No images, please. Copy each entry below exactly as it reads.
(The records begins)
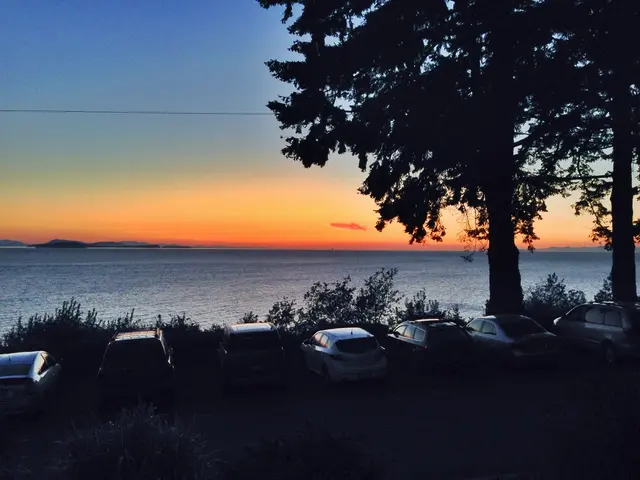 Unveiling the Key Element for Prosperity in Asian Climate Technology Sector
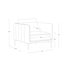 Fauteuil Rae (ensemble de 2)-107095667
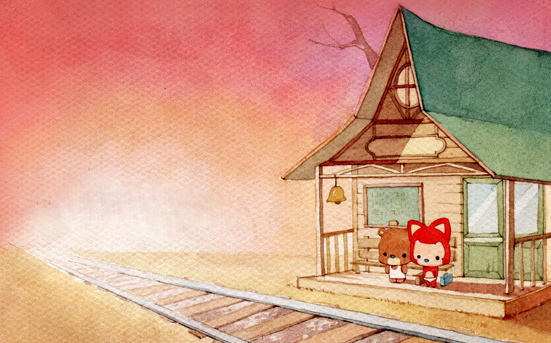 いつ いる 君 僕 そば は よ の だって に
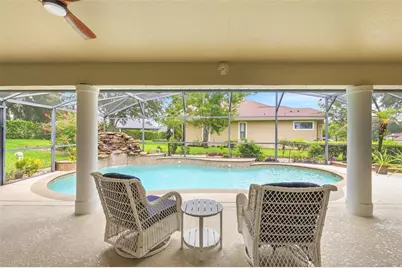 11310 Susans Point Drive, Clermont, FL 34711 - Photo 29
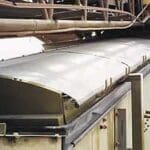 Article image of: Bescherm uw machines met Githan Dust Seal doek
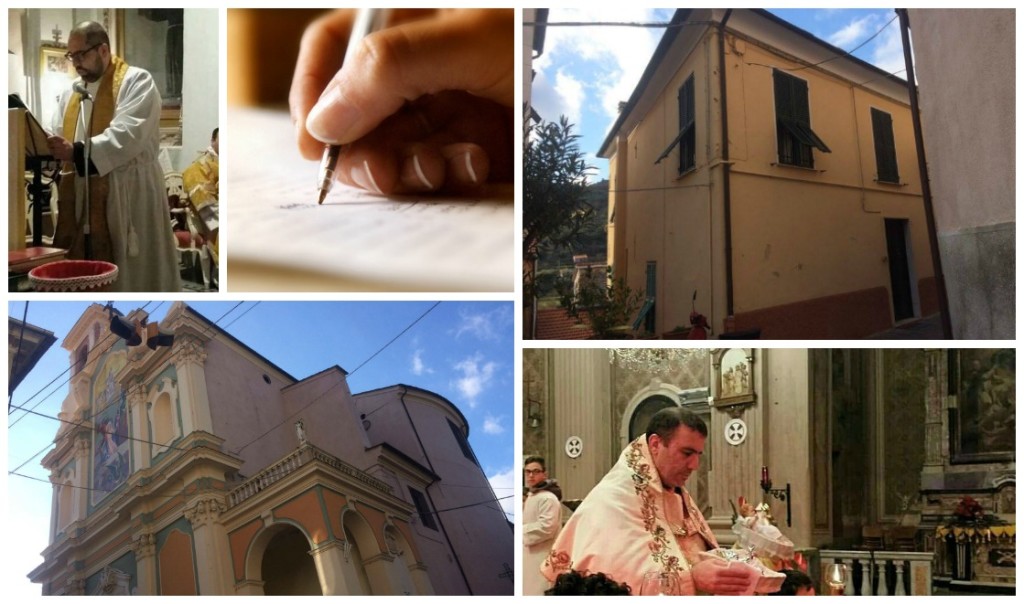 chiesa_lettera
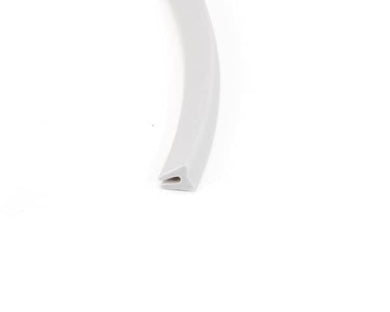 BLODGETT R2105 GASKET  WINDOW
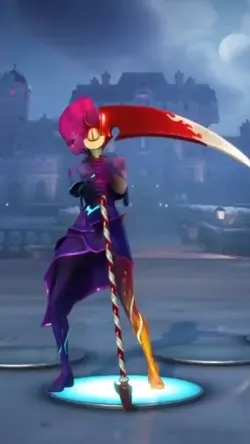 Fortnite edit 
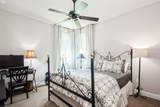 2242 Soaring Eagle Place - Photo 47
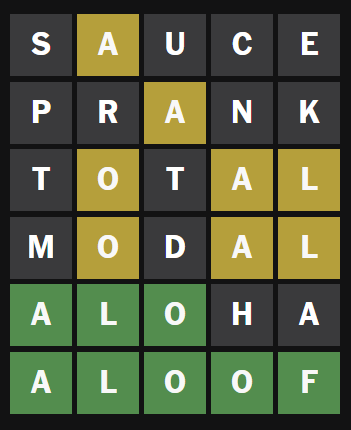 Screenshot 2024-01-26 083135.png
(The records ends)
Answer for the task
 Unveiling the Key Element for Prosperity in Asian Climate Technology Sector
 Fauteuil Rae (ensemble de 2)-107095667
 いつ いる 君 僕 そば は よ の だって に
 11310 Susans Point Drive, Clermont, FL 34711 - Photo 29
 Article image of: Bescherm uw machines met Githan Dust Seal doek
 chiesa_lettera
 BLODGETT R2105 GASKET  WINDOW
 Fortnite edit 
 2242 Soaring Eagle Place - Photo 47
 Screenshot 2024-01-26 083135.png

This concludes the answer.